2 - Bordeaux Actu : Où en est le cours du bois ?
Christian Pinaudeau : Il s’est effondré. On est passé de 35 euros la tonne à un prix compris entre 2 et 5 euros la tonne. Les cours se sont effondrés de 90 à 95% ! La plupart des sylviculteurs ont une autre activité : il faut attendre jusqu’à 40 ans pour exploiter le bois planté. Suivant que l’activité bois était l’activité principale ou pas, il y en a qui ont tout perdu, d’autres ont perdu entre 40% et 50% de leurs revenus.

3 - Bordeaux Actu : Combien de bois tombé reste-t-il en forêt ?

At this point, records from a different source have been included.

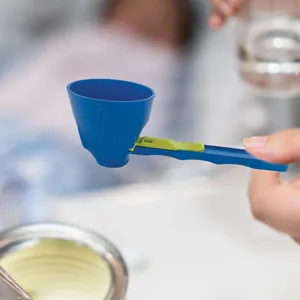 Primer plano de una cuchara medidora de plástico azul con mango deslizante para polvo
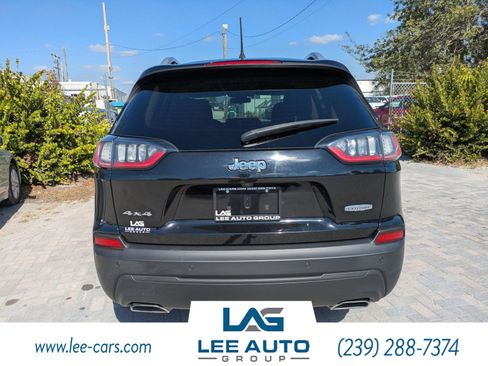Used 2019 Jeep Cherokee Latitude w/ Popular Appearance Group image 4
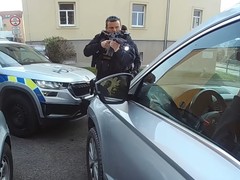 Muž se v Berouně zamkl v autě a vyhrožoval zbraněmi. Policisté museli rozbít boční okno
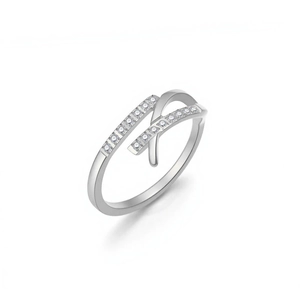 Gekreuzter Ring aus Edelstahl in Silber mit Mikro-Pavé-Kristallen und Politur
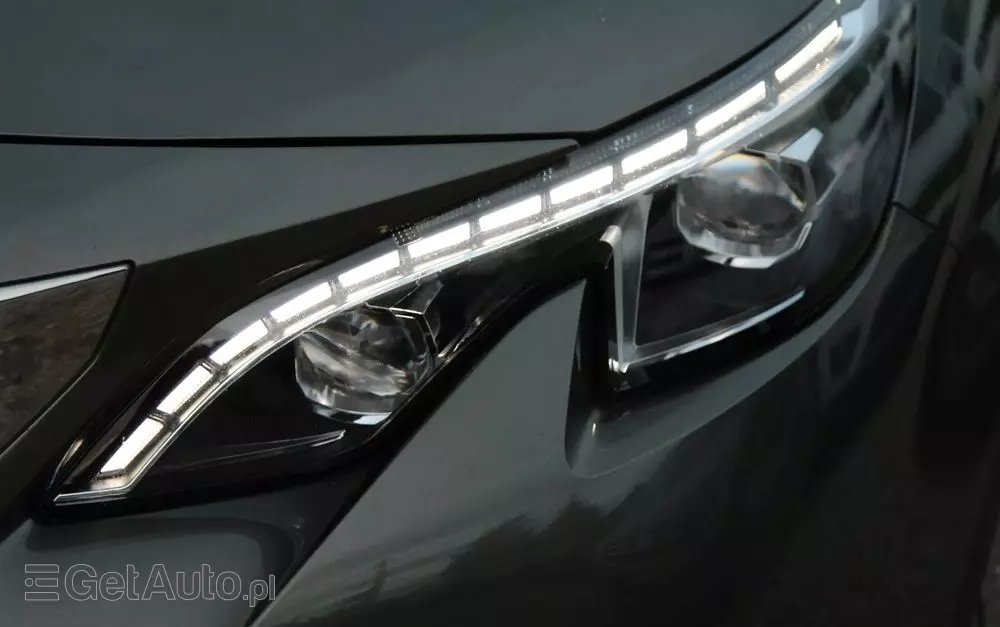 PEUGEOT 3008 1.6 BlueHDi Allure S&S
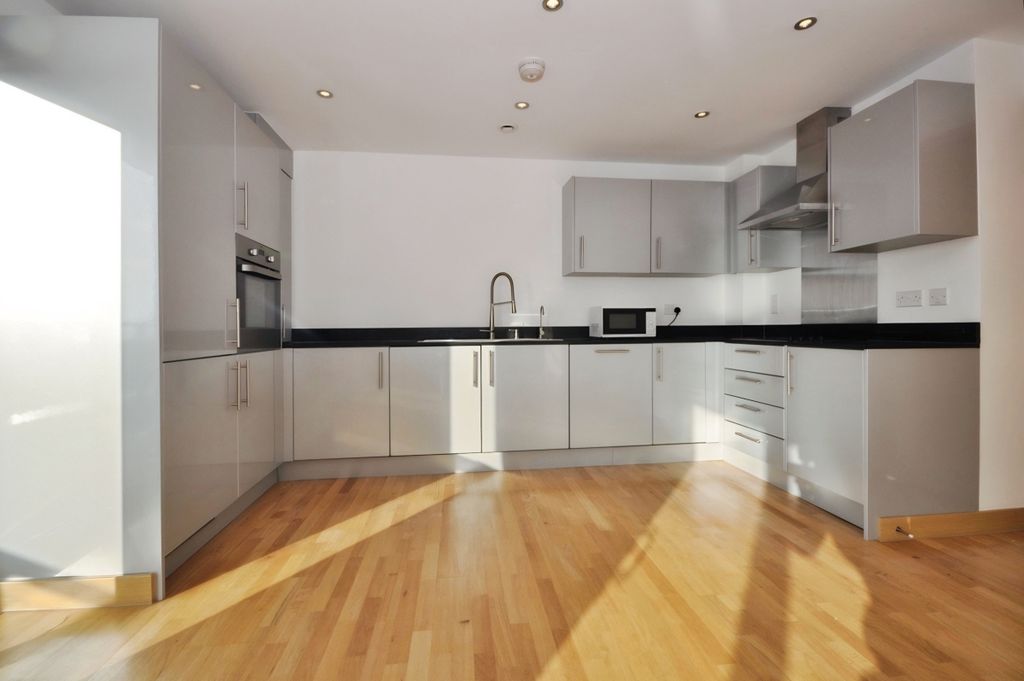 Property photo 3 of 13 Ded1c187-High 203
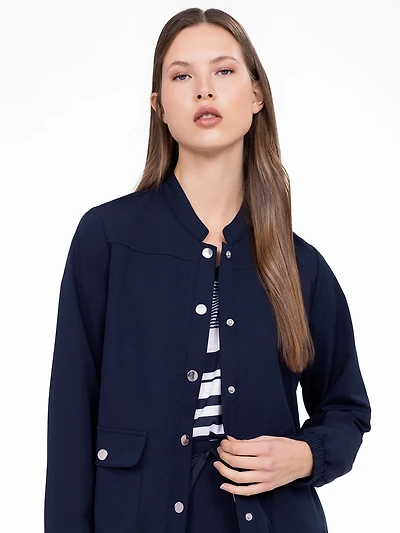 Semi-fitted long-sleeve jacket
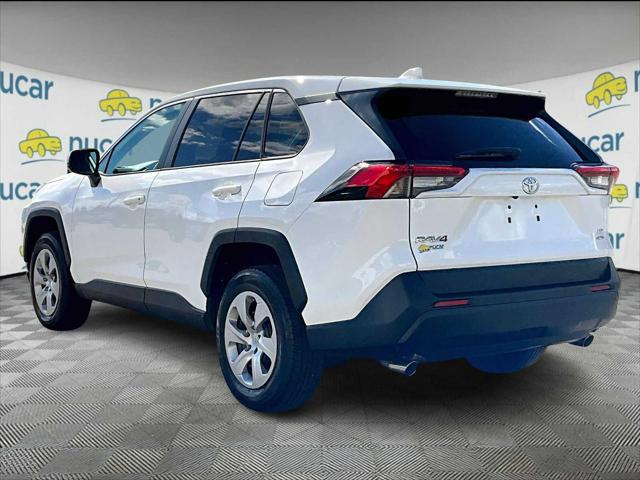 2022 Toyota RAV4 LE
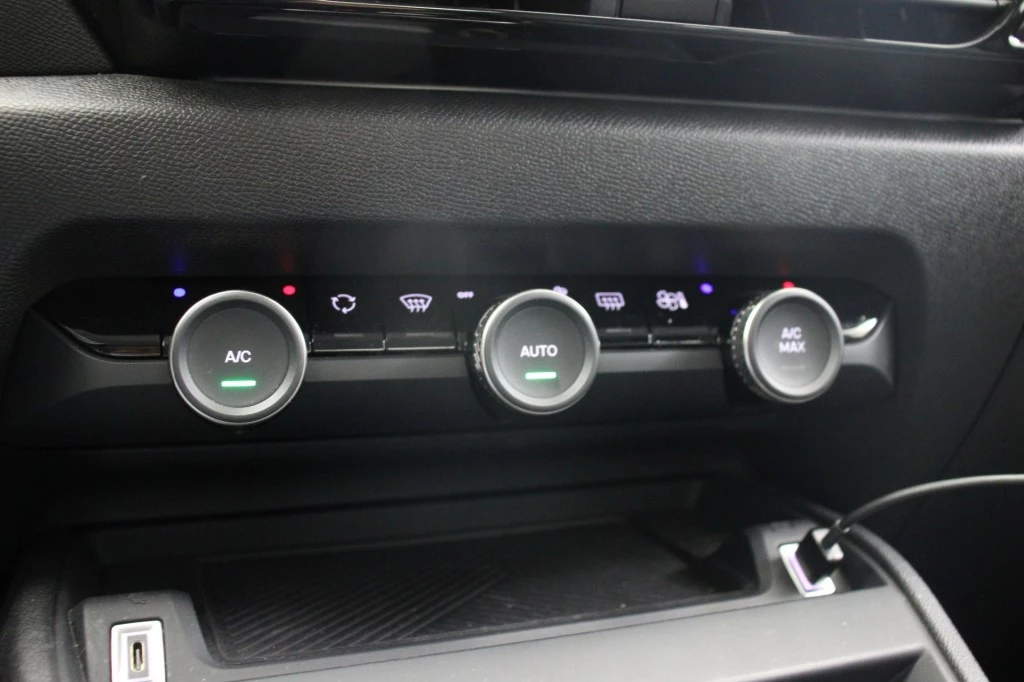 Hoofdafbeelding Citroën ë-C4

Christian Pinaudeau : On a sorti 14 millions de tonnes de bois. Il en reste 25 millions. À combien les sylviculteurs vont-ils pouvoir le vendre ? À 1 euro la tonne ?

4 - Bordeaux Actu : Qu’exigez-vous, aujourd’hui, du gouvernement ?
Christian Pinaudeau : Il y a eu un communiqué qui annonce des subventions pour reboiser. Mais ce sont les entreprises chargées du reboisement qui vont les toucher, pas les sylviculteurs ! On a donc posé des conditions sur lesquelles on attend des réponses. Nous demandons le versement d’une indemnité minimale de 1000 euros par hectare. Nous exigeons aussi la réforme de l’assurance-forêt couvrant les sylviculteurs en cas de sinistre : elle n’existe quasiment pas, et quand elle existe, elle est hors de prix. On ne peut pas nous obliger à reboiser sans garantie ! S’il on n’obtient pas satisfaction sur ces deux points, alors nous demanderons à pouvoir reconvertir nos terres vers l’agriculture, le photovoltaïque ou l’éolien, ce que nous n’avons pas aujourd’hui le droit de faire.